A simple pattern I have implemented myself, seen in many places and often results in problems is the following.
We need a buffer to hold some data before we process it, so we allocate an array large enough to hold the data. To avoid continual garbage we keep this array and reuse it. If the data we need to buffer is too large, we throw away the current buffer and make a new larger one. We might even go fancy and ensure that the new buffer is greater in size than the current one by a minimum percentage margin, to ensure we don’t suffer from mass garbage from a 1,2,3,4,5,6 attack.

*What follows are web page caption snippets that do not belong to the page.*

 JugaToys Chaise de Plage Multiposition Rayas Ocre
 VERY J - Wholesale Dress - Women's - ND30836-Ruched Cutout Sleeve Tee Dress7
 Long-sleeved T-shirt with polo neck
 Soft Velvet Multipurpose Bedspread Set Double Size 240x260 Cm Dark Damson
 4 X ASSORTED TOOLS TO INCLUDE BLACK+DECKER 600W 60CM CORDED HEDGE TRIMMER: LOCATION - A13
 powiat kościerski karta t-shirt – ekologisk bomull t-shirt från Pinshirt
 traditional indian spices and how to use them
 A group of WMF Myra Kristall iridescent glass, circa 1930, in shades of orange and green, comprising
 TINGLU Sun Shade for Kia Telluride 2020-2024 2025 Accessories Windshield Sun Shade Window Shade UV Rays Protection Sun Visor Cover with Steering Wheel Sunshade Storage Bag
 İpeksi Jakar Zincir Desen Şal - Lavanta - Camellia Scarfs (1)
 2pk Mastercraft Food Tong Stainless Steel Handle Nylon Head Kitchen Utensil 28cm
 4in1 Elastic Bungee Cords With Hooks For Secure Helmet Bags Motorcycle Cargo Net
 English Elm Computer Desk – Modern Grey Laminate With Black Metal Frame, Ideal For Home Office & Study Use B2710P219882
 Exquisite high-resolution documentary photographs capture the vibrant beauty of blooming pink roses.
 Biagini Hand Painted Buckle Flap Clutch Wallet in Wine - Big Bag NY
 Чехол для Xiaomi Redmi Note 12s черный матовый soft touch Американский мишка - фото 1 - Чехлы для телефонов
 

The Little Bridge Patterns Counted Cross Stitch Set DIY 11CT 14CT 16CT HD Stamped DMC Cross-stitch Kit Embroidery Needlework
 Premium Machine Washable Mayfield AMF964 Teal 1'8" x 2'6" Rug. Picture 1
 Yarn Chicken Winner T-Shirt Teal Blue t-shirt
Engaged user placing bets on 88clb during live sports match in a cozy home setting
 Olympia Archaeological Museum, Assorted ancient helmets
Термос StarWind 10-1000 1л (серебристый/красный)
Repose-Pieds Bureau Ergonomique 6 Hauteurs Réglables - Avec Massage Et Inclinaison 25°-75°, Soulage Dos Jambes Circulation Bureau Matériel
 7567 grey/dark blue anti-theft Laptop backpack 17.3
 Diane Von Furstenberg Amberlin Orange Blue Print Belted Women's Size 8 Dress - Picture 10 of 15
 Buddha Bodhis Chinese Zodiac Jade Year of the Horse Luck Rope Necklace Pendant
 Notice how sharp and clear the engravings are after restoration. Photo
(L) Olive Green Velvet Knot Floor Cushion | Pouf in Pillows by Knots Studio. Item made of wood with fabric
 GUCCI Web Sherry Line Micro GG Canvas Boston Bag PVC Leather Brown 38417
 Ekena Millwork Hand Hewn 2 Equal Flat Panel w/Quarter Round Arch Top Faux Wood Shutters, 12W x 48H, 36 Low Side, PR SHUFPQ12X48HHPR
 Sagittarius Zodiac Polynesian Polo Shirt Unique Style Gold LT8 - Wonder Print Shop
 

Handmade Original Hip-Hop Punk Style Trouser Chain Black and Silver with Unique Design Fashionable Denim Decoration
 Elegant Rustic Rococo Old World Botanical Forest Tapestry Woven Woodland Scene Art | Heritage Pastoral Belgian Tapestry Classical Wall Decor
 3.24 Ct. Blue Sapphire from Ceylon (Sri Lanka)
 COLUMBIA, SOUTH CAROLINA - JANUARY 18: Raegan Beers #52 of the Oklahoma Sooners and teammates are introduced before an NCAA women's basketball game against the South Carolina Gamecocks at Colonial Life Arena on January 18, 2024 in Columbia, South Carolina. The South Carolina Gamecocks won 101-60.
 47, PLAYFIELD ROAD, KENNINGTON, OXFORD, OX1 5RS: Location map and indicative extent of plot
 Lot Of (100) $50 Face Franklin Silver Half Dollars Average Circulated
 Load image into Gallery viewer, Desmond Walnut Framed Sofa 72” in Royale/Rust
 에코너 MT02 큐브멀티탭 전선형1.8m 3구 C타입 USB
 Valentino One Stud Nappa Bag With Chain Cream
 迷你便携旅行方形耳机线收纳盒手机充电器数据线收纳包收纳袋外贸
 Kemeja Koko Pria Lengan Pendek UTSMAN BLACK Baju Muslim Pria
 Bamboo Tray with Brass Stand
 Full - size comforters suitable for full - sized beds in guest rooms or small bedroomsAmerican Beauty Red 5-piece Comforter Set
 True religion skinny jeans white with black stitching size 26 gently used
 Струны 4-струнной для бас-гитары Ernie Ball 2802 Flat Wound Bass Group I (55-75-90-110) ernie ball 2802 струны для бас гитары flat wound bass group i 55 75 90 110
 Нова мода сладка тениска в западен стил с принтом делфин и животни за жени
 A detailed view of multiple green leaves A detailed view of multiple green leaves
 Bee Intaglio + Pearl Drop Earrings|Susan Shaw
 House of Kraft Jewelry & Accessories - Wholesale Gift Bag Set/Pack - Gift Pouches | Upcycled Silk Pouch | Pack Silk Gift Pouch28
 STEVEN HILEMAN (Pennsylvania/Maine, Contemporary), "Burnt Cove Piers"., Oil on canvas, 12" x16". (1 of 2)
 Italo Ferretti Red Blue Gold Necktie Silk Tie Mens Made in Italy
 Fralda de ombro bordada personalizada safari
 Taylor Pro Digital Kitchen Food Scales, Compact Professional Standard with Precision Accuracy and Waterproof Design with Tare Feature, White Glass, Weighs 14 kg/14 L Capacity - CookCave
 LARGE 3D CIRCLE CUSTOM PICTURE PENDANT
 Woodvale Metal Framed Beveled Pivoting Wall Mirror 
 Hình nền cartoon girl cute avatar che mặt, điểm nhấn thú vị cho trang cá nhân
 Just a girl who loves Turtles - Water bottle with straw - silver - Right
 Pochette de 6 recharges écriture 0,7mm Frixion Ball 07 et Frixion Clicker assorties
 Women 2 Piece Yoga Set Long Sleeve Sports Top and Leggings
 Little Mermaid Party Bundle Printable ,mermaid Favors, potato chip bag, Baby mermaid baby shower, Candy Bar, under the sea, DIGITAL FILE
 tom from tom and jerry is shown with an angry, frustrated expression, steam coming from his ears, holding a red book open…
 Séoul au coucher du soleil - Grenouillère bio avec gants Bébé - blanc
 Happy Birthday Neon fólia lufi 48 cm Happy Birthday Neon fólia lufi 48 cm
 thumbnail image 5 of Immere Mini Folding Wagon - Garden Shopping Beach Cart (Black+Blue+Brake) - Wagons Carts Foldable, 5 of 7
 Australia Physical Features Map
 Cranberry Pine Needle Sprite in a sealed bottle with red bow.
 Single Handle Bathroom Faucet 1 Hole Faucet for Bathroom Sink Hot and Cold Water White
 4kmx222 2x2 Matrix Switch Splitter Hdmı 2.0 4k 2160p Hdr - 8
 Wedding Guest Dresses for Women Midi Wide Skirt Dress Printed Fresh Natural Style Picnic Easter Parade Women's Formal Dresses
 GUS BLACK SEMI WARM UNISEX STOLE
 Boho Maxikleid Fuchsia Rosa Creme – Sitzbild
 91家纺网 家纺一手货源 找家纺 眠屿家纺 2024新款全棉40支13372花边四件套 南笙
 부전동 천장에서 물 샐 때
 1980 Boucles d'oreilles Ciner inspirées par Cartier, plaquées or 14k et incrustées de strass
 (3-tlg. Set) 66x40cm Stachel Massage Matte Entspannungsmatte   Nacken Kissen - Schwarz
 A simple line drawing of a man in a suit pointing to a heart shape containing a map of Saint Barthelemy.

Where the problem comes in is the spike. A single extraordinarily large piece of data is sent. In response we successfully allocate a huge buffer, maybe taking up almost half of the entire available memory space. Because of our design we never let this go. Now if we are multi-threaded and have multiple processing queues each with their own buffer, a well crafted scenario will take up almost all available memory just with these buffers, until rather than failing due to an OOM exception somewhere we can catch it, the runtime itself throws OOM and kills the process.
Solution? Well we could simply outlaw all large data sets, but if you have multiple processing queues the threshold you have to place can be very low, to the point where normal processing is no longer feasible. Another idea is a bit of a compromise, have a high maximum, and a lower ‘spike threshold’. Any data set over the spike threshold is considered an anomaly and the buffer is not kept for reuse.
A bit more complicated is the reverse extension of the minimum margin of growth. If more than ‘k’ buffer uses in a row are less than the current size reduced by a percentage ‘p’, throw the current buffer away and use a smaller buffer. Question in my mind here is whether k is a constant, or a number which decreases as the buffer gets larger. I think probably the later results in best behaviour, but some theoretical analysis for random and worst case scenarios would be in order.
And the reason I brought this topic up at all? System.Data.SqlClient. Large string values to or from the database are internally handled using a buffer of doom. There is one buffer per database connection. You have to be careful with large data or you end up allocating almost all available memory to database connection buffers…